Resurrection on the cheap

Counter-Clock World
Philip K. Dick
Vintage Books, 2002 (First published 1967)

"His most theologically probing" story is set in 1998. Time has been running backwards since the Earth entered the "Hobart Phase," an unexplained temporal inversion that only seems to affect the Earth (e.g., time on the moon flows forward normally). Because of this reversal of the direction of time, those who died before the world entered the Hobart Phase (a.k.a. the "old-born") are returning from the grave. One protagonist, Sebastian Hermes, runs a vitarium, one of the facilities where the newly resurrected are restored to life and sold to the highest bidder, as per W.U.S. law. A mild psychic, Hermes intuits that the resurrection of the Anarch Peak, a radical religious leader who died in the 70s, is imminent. This resurrection starts a chain of events in motion.
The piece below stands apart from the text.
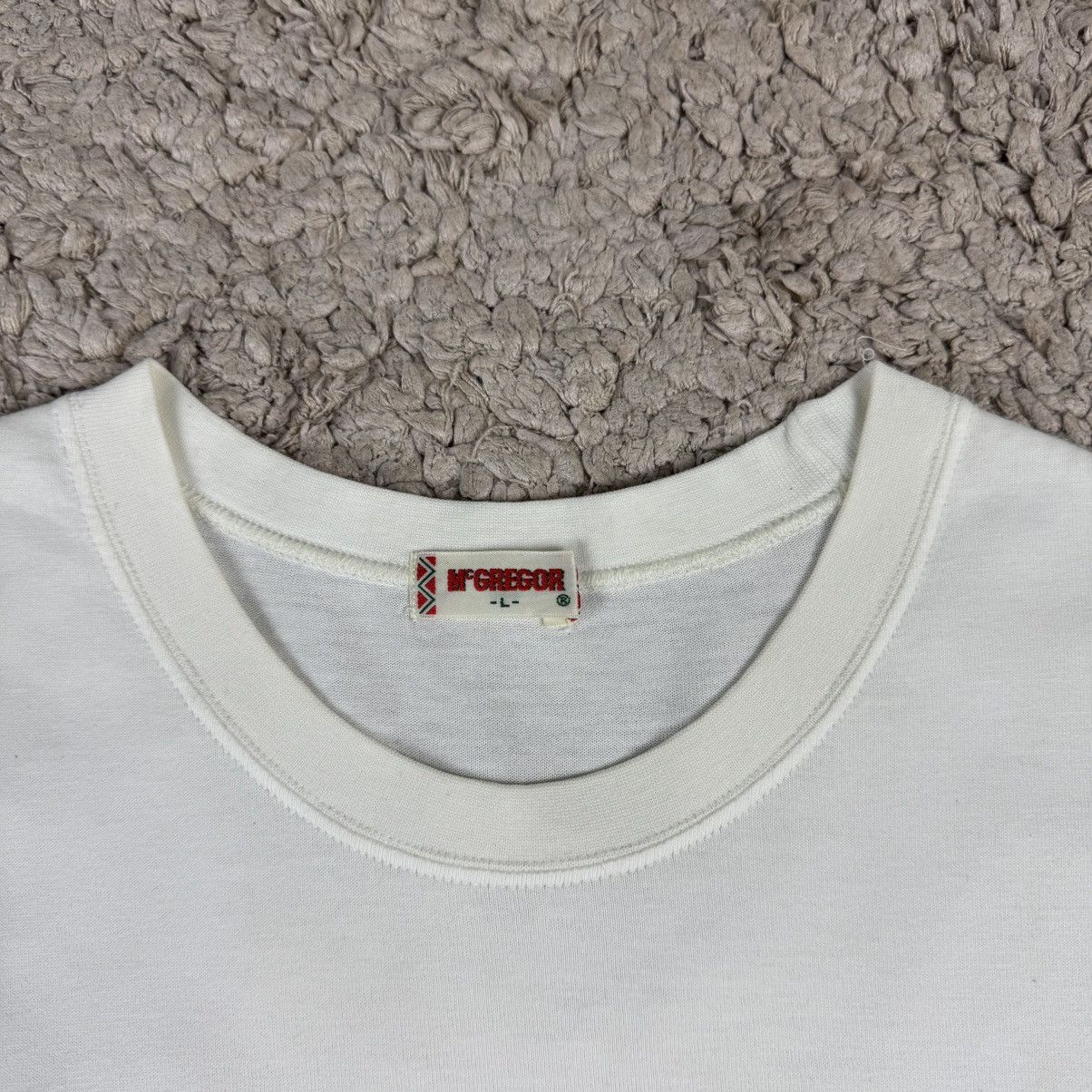 McGregor Vintage McGregor Sport USA T-shirt Size US L / EU 52-54 / 3 - 7 Thumbnail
Three forces vie for possession of the Anarch---the Library (a mysterious paramilitary organization whose purpose is maintaining public safety through "eradication of dangerous, disturbing written material"), the Udi religion (a psychedelic, consciousness-raising religion founded by Peak and now lead by Ray Roberts, whom we initially see as crazy and evil, but whom then turns out to be on Peak's side), and "Rome" (presumably the Catholic Church). The convoluted storyline ostensibly revolves around the resurrected Peak (and the potential danger of his revelations about postmortem existence) but rapidly goes off onto tangents about the protagonist's love for his ever-younger wife, her affair with Officer Tinbane (another protagonist), Hermes' affair with the daughter of the head of the library, and the true meaning of life after death (which all old-born experience, but only the Anarch is spiritually clear enough to recall with clarity). After the Library finally captures the Anarch, Hermes is "hired" by an alliance of Rome and the Uditi to rescue the Anarch; instead, Hermes uses the weapons his unlikely allies have given him to rescue his wife from the same enemies. Allusions to the race riots of the mid- to late-1960s and intimations of the Black Power movement appear throughout the novel. As the convoluted storyline comes to an end, the protagonist hears a slough of voices in the graveyard calling out to be reborn, and goes about his work digging them up. In typical Dick fashion, the sanest response to an increasingly crazy world seems to be to put one foot in front of the other.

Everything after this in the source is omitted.